A new study conducted by DGI Consults, with support from Gatefield, has revealed that inflation and rising medicine costs are putting diabetes care far beyond the reach of ordinary Nigerians.
Findings from the study shared at a high-level webinar to mark World Diabetes Day 2025 yesterday showed that the average cost of treating diabetes per person has increased by over 400% due to surging inflation rates.
For the poorest Nigerians, diabetes treatment costs more than seven times what they earn as income.
The webinar, which brought together public health experts, researchers and persons living with diabetes, examined the link between inflation, medicine affordability and treatment adherence.
The findings also showed that the escalating cost of essential medicines has forced many patients to ration doses or stop treatment entirely — a dangerous trend contributing to the rise in diabetes-related complications and hospital emergencies.
Speaking at the webinar, Professor Felicia Anumah, an endocrinologist and diabetes expert at the University of Abuja, said, “Diabetes is an expensive disease. Patient flow has reduced at the clinic, and when we call them to find out why, they say it’s because they don’t have transport money to come to the hospital.”

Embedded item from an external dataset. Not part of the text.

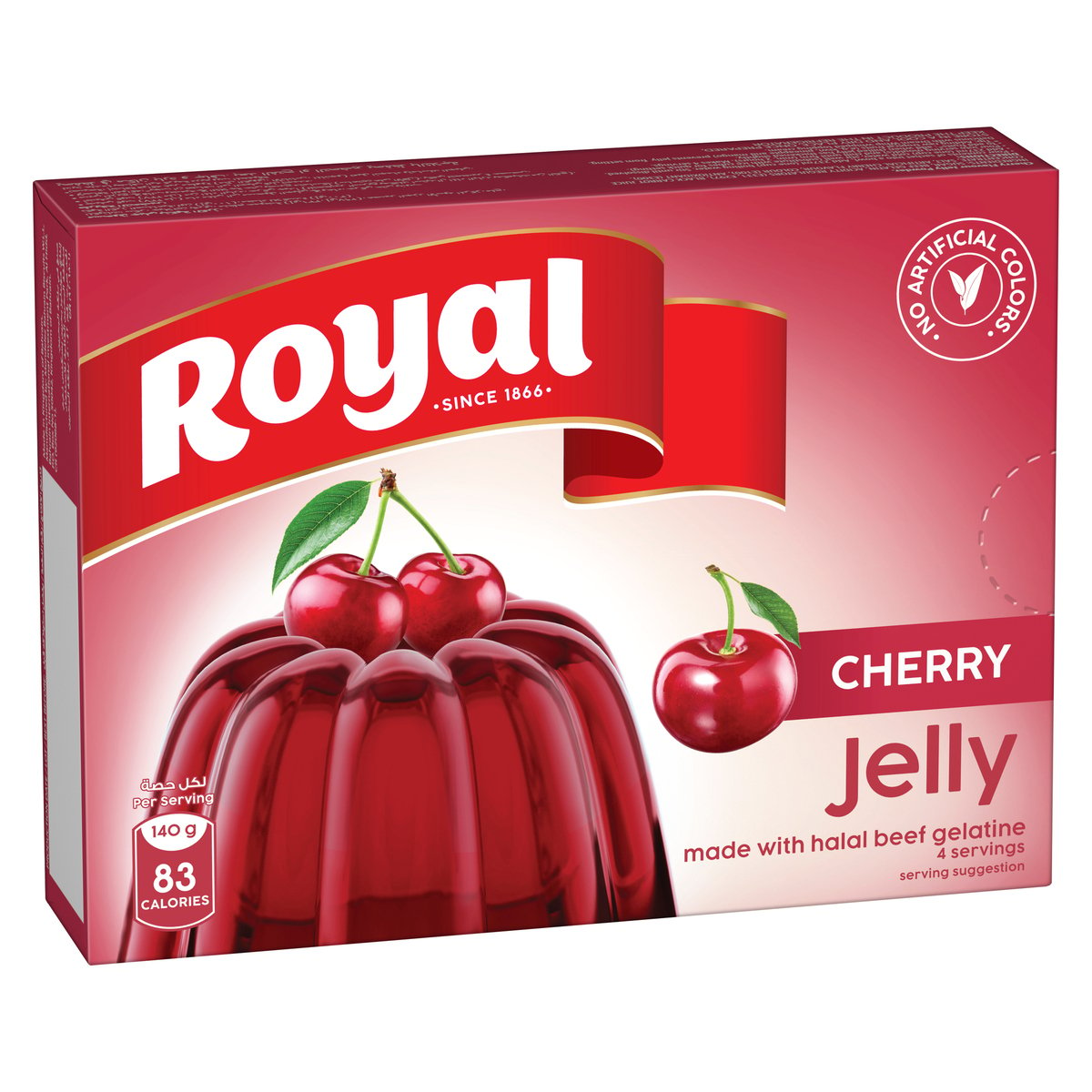 Royal Cherry Flavour Jelly 12 x 85 g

Bernard Enyia, the second vice president of the Diabetes Association of Nigeria, who has been living with the disease for over 15 years, said, “I spent over N2 million in a matter of months to battle the implications of diabetes.”
Panelists at the webinar called for urgent reforms to ensure that essential medicines remain within the reach for every Nigerian, regardless of income levels.
The study recommended the establishment of an Affordable Medicines Facility for Diabetes (AMFD), a proposed multi-stakeholder funding and procurement mechanism designed to reduce the retail prices of life-saving medicines such as insulin and oral anti-diabetics.
It also called for targeted subsidy schemes for low-income earners and vulnerable populations and expansion of the National Health Insurance Authority (NHIA) coverage to include all antidiabetic medicines and related laboratory services.
The study further emphasised the need for local drug manufacturing through tax incentives and low-interest financing to reduce dependence on imported pharmaceuticals.
Omei Bongos-Ikwue, the public health lead at Gatefield, said the rising cost of essential medicines is a quiet public health emergency. He said the research showed that without decisive action, more Nigerians would be priced out of treatment.
“The proposed Affordable Medicines Facility for Diabetes offers a sustainable path forward, one that protects lives, strengthens health systems, and ensures no one has to choose between eating and staying alive,” he added.